__EXERCISE DESCRIPTION__: Retype the lines below exactly, but only those from the line that has "Lot De 2 Chaises" through the line that has "Colorful and black". Omit every picture.

[DATA UNDER STUDY]

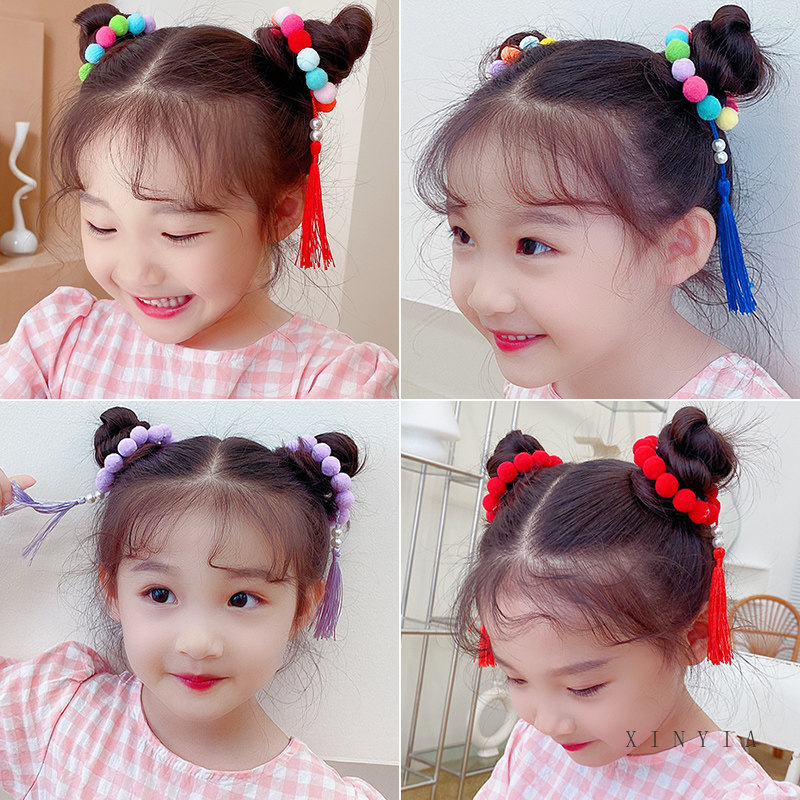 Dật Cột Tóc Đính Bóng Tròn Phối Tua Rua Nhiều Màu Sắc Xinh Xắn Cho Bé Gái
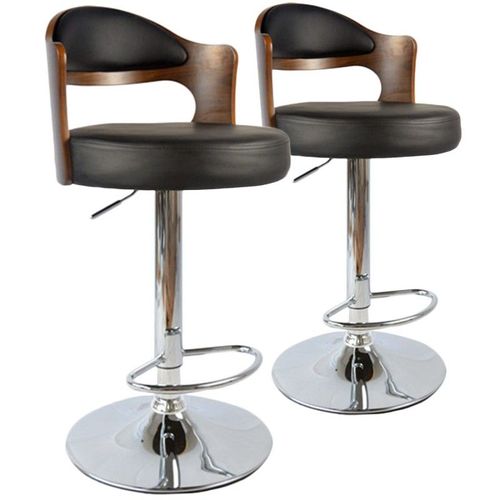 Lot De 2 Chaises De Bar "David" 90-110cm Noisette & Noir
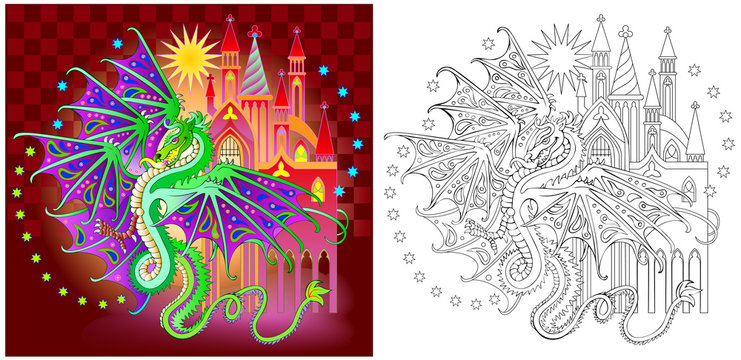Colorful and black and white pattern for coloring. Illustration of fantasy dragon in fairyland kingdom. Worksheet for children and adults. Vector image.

[/DATA UNDER STUDY]
[DATA UNDER STUDY]

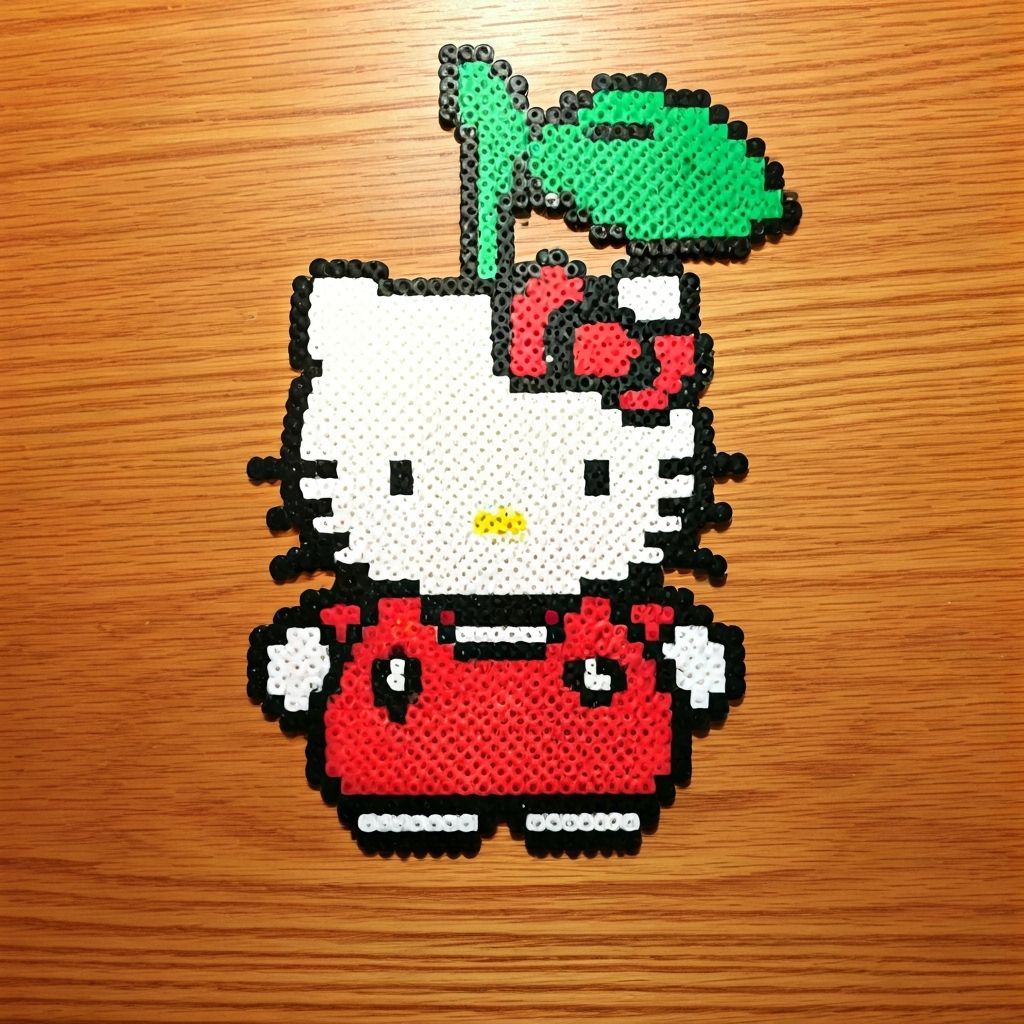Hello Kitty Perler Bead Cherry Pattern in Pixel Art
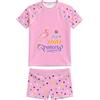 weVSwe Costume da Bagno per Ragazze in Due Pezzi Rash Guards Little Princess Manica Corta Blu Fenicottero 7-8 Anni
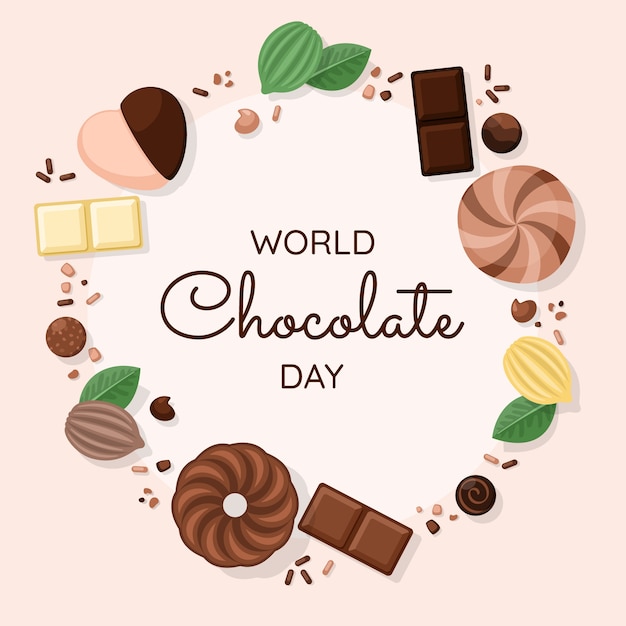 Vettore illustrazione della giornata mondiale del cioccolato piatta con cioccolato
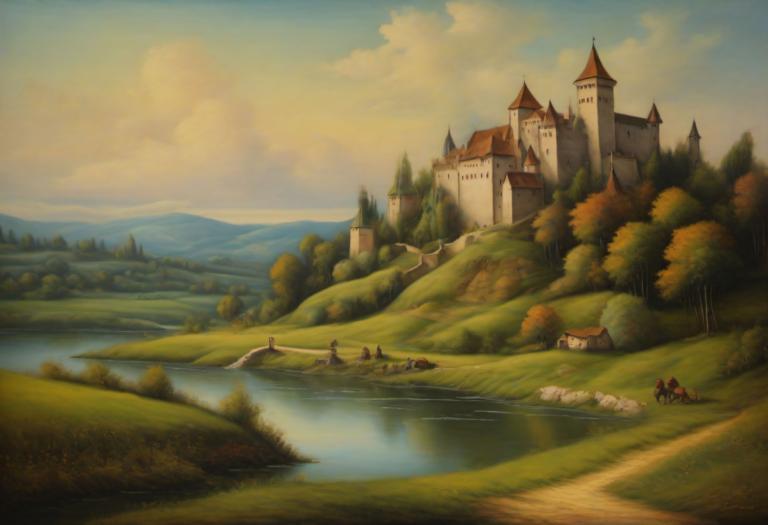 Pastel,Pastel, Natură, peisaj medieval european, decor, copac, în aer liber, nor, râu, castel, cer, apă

[/DATA UNDER STUDY]

__ANSWER TO THIS PROBLEM__:
 Lot De 2 Chaises De Bar "David" 90-110cm Noisette & Noir
Colorful and black and white pattern for coloring. Illustration of fantasy dragon in fairyland kingdom. Worksheet for children and adults. Vector image.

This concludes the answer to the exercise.